== Segment start ==

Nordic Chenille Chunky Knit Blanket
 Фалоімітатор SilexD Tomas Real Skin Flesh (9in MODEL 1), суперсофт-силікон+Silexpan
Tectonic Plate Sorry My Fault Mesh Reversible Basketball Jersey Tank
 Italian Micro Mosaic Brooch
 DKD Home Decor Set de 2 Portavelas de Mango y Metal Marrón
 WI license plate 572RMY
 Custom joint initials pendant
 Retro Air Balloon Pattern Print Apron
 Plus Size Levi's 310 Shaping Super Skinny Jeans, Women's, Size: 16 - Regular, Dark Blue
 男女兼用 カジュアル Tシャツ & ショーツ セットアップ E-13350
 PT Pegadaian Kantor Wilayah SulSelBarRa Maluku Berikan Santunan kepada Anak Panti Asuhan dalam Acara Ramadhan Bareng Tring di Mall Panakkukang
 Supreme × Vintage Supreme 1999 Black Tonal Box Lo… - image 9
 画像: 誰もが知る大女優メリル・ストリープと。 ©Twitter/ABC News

== Segment end ==

Your instructions
Using the listing above, retype each line exactly.

Response area
Nordic Chenille Chunky Knit Blanket
 Фалоімітатор SilexD Tomas Real Skin Flesh (9in MODEL 1), суперсофт-силікон+Silexpan
Tectonic Plate Sorry My Fault Mesh Reversible Basketball Jersey Tank
 Italian Micro Mosaic Brooch
 DKD Home Decor Set de 2 Portavelas de Mango y Metal Marrón
 WI license plate 572RMY
 Custom joint initials pendant
 Retro Air Balloon Pattern Print Apron
 Plus Size Levi's 310 Shaping Super Skinny Jeans, Women's, Size: 16 - Regular, Dark Blue
 男女兼用 カジュアル Tシャツ & ショーツ セットアップ E-13350
 PT Pegadaian Kantor Wilayah SulSelBarRa Maluku Berikan Santunan kepada Anak Panti Asuhan dalam Acara Ramadhan Bareng Tring di Mall Panakkukang
 Supreme × Vintage Supreme 1999 Black Tonal Box Lo… - image 9
 画像: 誰もが知る大女優メリル・ストリープと。 ©Twitter/ABC News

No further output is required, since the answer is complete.